Если поумнел ты и не отходя налил – кричит еж криком просветленным от двух до пяти секунд и в стакан солдатиком прыгает, и не ртом пьет, а всеми порами. И выходит из стакана с улыбкой, но тебя та улыбка пусть не обманет, губки бантиком в ответ не делай, вопроса его хриплого жди:

– Кто?

Это трудный вопрос. По многом питии позабыл ежик многое, и себя позабыл, и напомнить ему надо, что еж он, а не сковородка, и не трамвай, и не шампиньон. На примерах и четкой логикой убедить его надо в колючести его и округлости, в подвижности и гриболюбии, а не то зазвенит у тебя в комнате, и рельсами сам ляжешь, а он по кольцевой гонять будет, и электричество в нем никогда не кончится. Убедил ежа, дорогу ему к двери показал, ориентиры расставил, рукой помахал – и замри, молчи, нишкни! Последнее слово всегда еж скажет, и уж ты дождись, когда он к порогу доковыляет, событий не торопи, а терпи, пока обернется он у двери и тебе напоследок промолвит:

– Бывай...

КОАЛА И ВОЙНА

 Жил коала в зоопарке, как дурак. И забрали коалу в солдаты.

Многое понял коала – и ружье понял, и фуражку, и себя в фуражке понял, а вот «Стой! Кто идет?» понять не смог. Попало в коалу, пробило и улетело, а коала в госпиталь слег. Только поправился, только припух, только эфедрин понял – аты-баты пришли, медаль принесли, побрили коалу – и обратно в часть, за пулемет, за Родину, за здорово живешь. Родная часть с диким воплем в атаку пошла, на врага, за матерей, за золовок, за границу, за хрен собачий, а в коалу опять попало. Коала маленький, ему мало надо, а тут много прилетело, десять штук больших прилетело, и все в коалу. Коала раненый на цыпки встал, по-цыплячьи крикнул и Богу душу отдал. А Бог добрый, обратно ему вернул.

Коала в госпитале отъелся, все подушки сплющил, маленький пухлый медсестра два раза понял – аты-баты пришли, почетный грамота принесли, табак принесли, коала дым пускал, с боевой товарищи водка пил, командир черные усы целовал – и опять в бой, опять прилетело, два больших, один маленький. Коалу на шесть частей порвало, по полю раскидало и унеслось.

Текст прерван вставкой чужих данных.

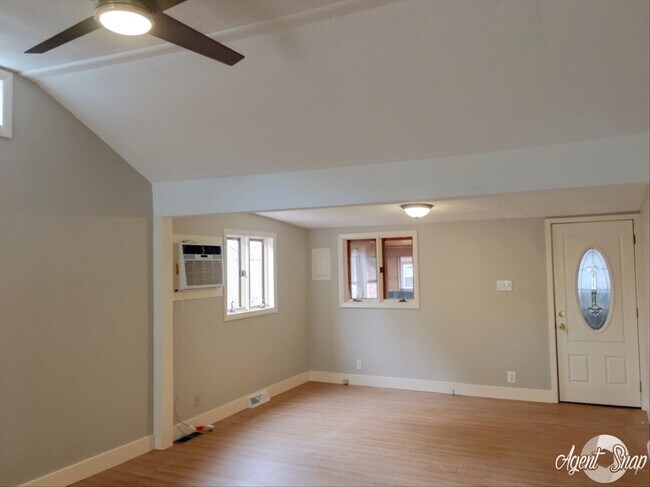 Building Photo - 13 Hemlock Rd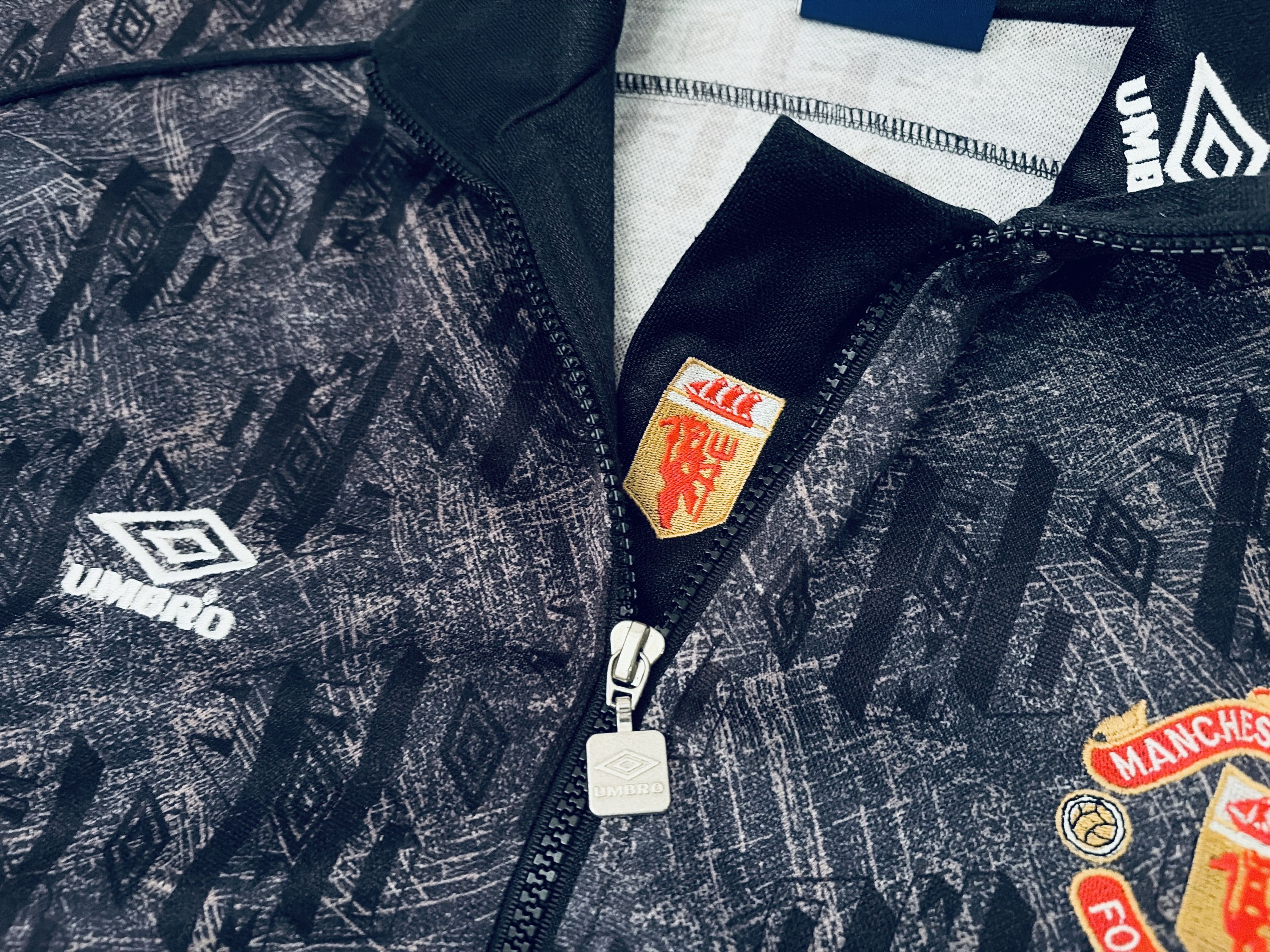 Umbro Manchester United Training Jacket 1992 1993 Size US L / EU 52-54 / 3 - 7 Thumbnail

Третий раз в госпитале коала свой человек был. Главный врач, большой женщина, много-много раз понял, весь эфедрин понял, письмо из зоопарка получил, факт получения понял – аты-баты пришли, орден на подушке принесли, командир усатый с порога целовать начал, за боевые пробоины коалу хвалил. Водка пили, табак курили, пьяного коалу втроем побрили – и в часть.

Часть отважная сразу в атаку кинулась и в десять шагов вся полегла. А в коалу все враги по-очереди промахнулись, бомба стороной обошла, мина под лаптем не сработала, осколок об медаль сплющился, набрюшник теплый от простуды спас – и вернулся коала в зоопарк героем. И молчал весь день за решеткой. А вечером семь-восемь штук внуки на колени садил, леденец раздавал, сначала медаль, а потом орден трясучей лапкой трогал, совсем давний грозный время вспоминал – и говорил, говорил, говорил...

КОАЛА И ОХОТНИКИ

Ирине посвящается

 Коала на заре на ветке громко песенку пел, а охотники гадовы в коалу из ружья стреляли. Коала в листве прятался и молчал сильно, а охотники его по большим ушам узнавали. Коала пять минут петь хотел и далее спать идти, а охотники о нем еще с весны вслух мечтали. Коала ладошками личико-то закрыл и сидя боялся, а охотники со спины подошли и зенки в мушки прищурили. Коала задом не видел, но помереть не хотел, с ветки шмякнулся и бежать, а охотники смотрят – ушей в листьях нет, и тоже бежать. Коала-то против ветра да без сапог да неизвестно куда – плохой бегун, а охотники в сапогах да злые да с лицензиями – любо-дорого бегуны. Коала за пять минут восемь метров пробег, а охотники за десять секунд стометровку оттопали и под белы ушеньки коалу взяли. Коала какал сильно, а еще больше мочился, а еще страшнее кричал, а охотники его в сумку пихали и на пуговицу застегнули.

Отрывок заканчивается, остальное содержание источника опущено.